A Portion of the Suppressed Introductory Chapter to American Notes

If this book should fall into the hands of any sensitive American who cannot bear to be told that the working of the institutions of his country is far from perfect; that in spite of the advantage she has over all other nations in the elastic freshness and vigour of her youth, she is far from being a model for the earth to copy; and that even in those pictures of the national manners with which he quarrels most, there is still (after the lapse of several years, each of which may be fairly supposed to have had its stride in improvement) much that is just and true at this hour; let him lay it down, now, for I shall not please him. Of the intelligent, reflecting, and educated among his countrymen, I have no fear; for I have ample reason to believe, after many delightful conversations not easily to be forgotten, that there are very few topics (if any) on which their sentiments differ materially from mine.

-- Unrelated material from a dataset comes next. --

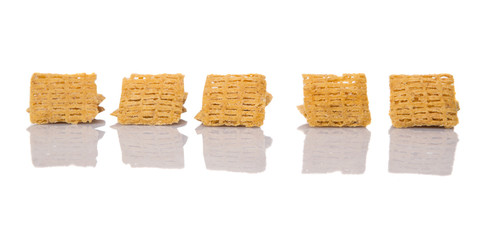 Oat breakfast cereal over white background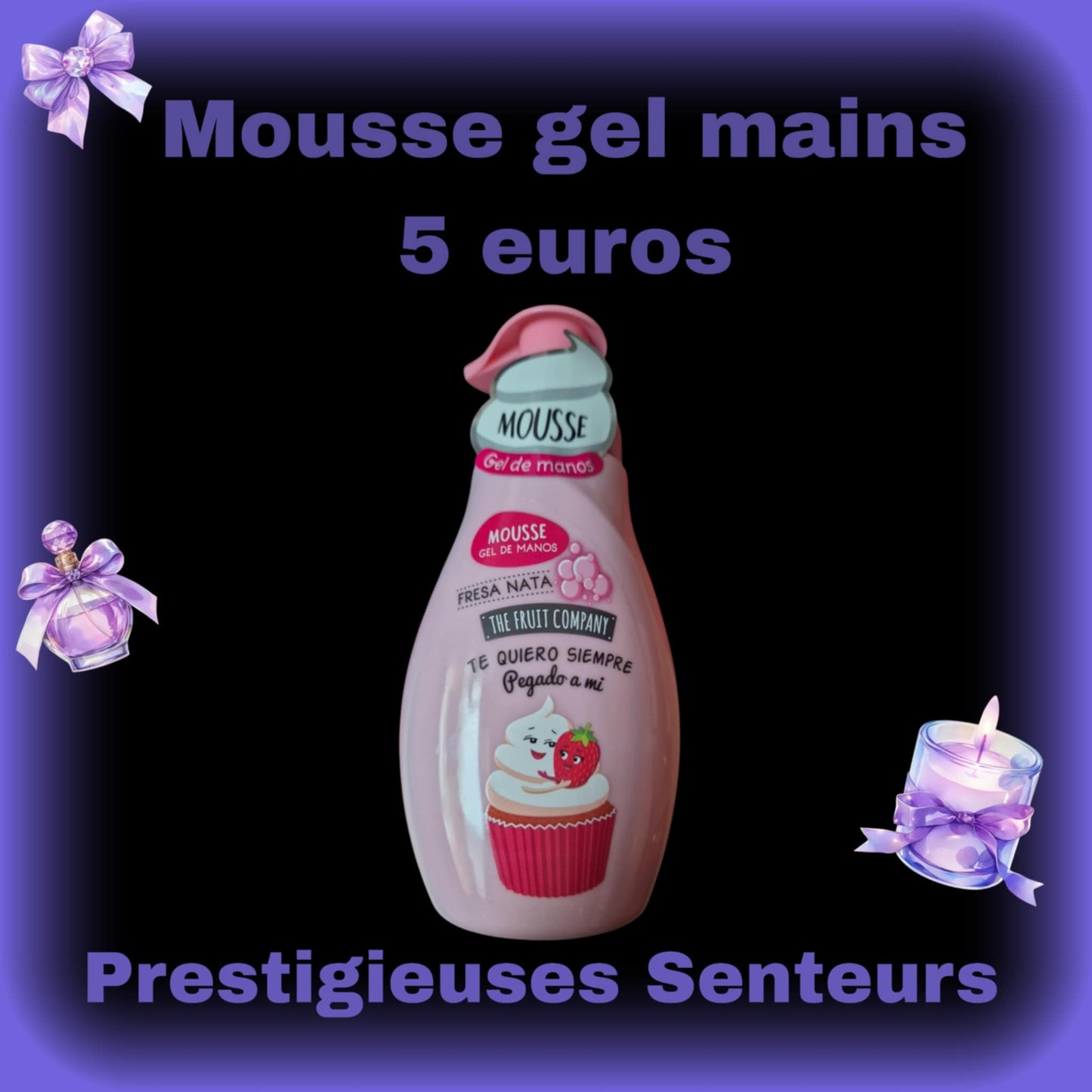 Mousse Gel mains ✋️ .250ml . Fraise 🍓 chantilly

I may be asked -- 'If you have been in any respect disappointed in America, and are assured beforehand that the expression of your disappointment will give offence to any class, why do you write at all?' My answer is, that I went there expecting greater things than I found, and resolved as far as in me lay to do justice to the country, at the expense of any (in my view) mistaken or prejudiced statements that might have been made to its disparagement. Coming home with a corrected and sobered judgment, I consider myself no less bound to do justice to what, according to my best means of judgment, I found to be the truth.